His pointed ears twitched under his blue hair. The simple gold crown braided into the long tresses tilted to one side. The battle must have sent it askew.
“You wish to control your territory. I do not want to take that from you.”
“But your dragon does,” the king said, his deep voice dissonant with his small, wiry frame. The rest of them sounded like children.
“No.” I shook my head. “He respects your autonomy. I offer you this gift to show you that I do as well.”
The king focused on the bubble. “What is it?”
“Nothingness.”
He huffed. “You offer me nothing in return for safe passage. That is not a very appealing offer.”
“What is safe passage? It is nothing. I will not disturb your lands. Nor will I seek to rule you. I offer you the very substance of the beginning of everything in exchange for nothing.”
The king rose up higher, his wings zinging as he zipped to me. I left the ball of nothing—encased in a bubble of chi—floating where the king had been, above the witch pixie. She stared up at it, her eyes glowing, seeming to recognize the value.
The king’s subjects watched him, though several darted glances at the offering.
The king hovered above me. His pants, a dark blue embroidered with a gold floral pattern, reached his ankles, exposing feet with six toes and long nails. He smelled like fresh-turned soil and crushed spring leaves. “You have tamed the dragon.”
“Yes.”
A murmur went through the crowd of pixies. “You wish to tame us?”
I shook my head. “Absolutely not. I wish to end zombies.”
The king lowered to the ground five feet from me. I was a good foot taller than him.
“Why?” he asked.
“I lived amongst the humans for most my life and do not like to see them suffer.”
“So do not look.”
“Would you turn away from the suffering of your own people?” I asked.

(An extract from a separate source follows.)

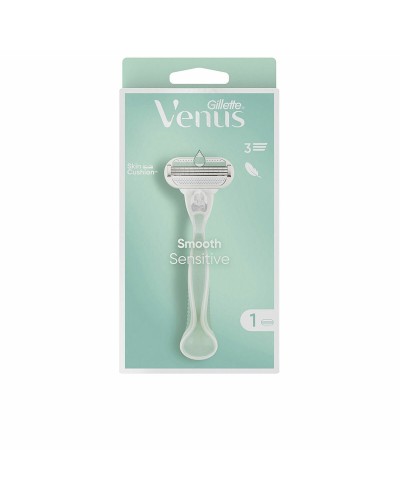 Bandas Depilatorias Corporales Gillette VENUS SMOOTH SENSITIVE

His wings buzzed with annoyance. “You question my loyalty?”
“As you have questioned mine.” I kept my voice low and even, refusing to let ang
er enter into this conversation.
“You are not human.”
“The best parts of me are.” His eyes narrowed. The king did not get it. “Music, art, love. These are human.”

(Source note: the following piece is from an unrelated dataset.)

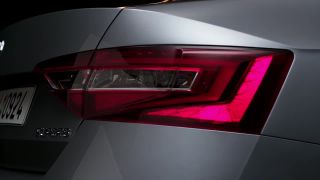 Nová Škoda Superb III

“We have those things. We have existed as long as the humans, some say longer. But we do not destroy the earth. What do I care for the suffering of a species that, given its head, destroys everything in its path. No music is beautiful enough to wipe clean that history.”
“But what about the suffering that zombism causes?”
“I ask you the same. Humans make every other animal suffer, pollute the waters, clog the air, torch the earth. They create the suffering. They brought the zombies upon themselves.”
“That’s not true. It’s a spell.”
Another murmur rippled through the pixies. “What kind of magic?” the king asked, glancing back at the ball of nothingness still hovering in the air.
“Powerful shifter magic.”
“We do not wish to be disturbed.” I got that. “With the end of the zombies will come the rise of the humans. How can you assure me that my valley will remain pure for my people forever more? How can you guarantee they will not enter this world in time?”
“I can’t.”
He nodded. “An honest answer.”
“But I can offer you my protection. As long as I live, I will be your ally. I will fight to help protect you.”
His gaze traveled up and down my body. “You are a powerful ally.”
“Yes.”
“And the dragon king, he will join in this treaty.”
“I believe he will.”
“Call him now. We shall celebrate tonight if peace can be reached, an alliance formed, and the valley protected for eternity.”
A hurrah went up from the pixies. Slater didn’t mention a war with these guys… but they seemed a little too excited about an alliance with him.
“Call your king,” the pixie leader encouraged.
I glanced over at Megan, still held by my chi. She raised one brow—a subtle message that she controlled herself again. I released her, dropping the shell I’d created onto the forest floor. It melted into the dirt, as if it had always been a part of it. Cool.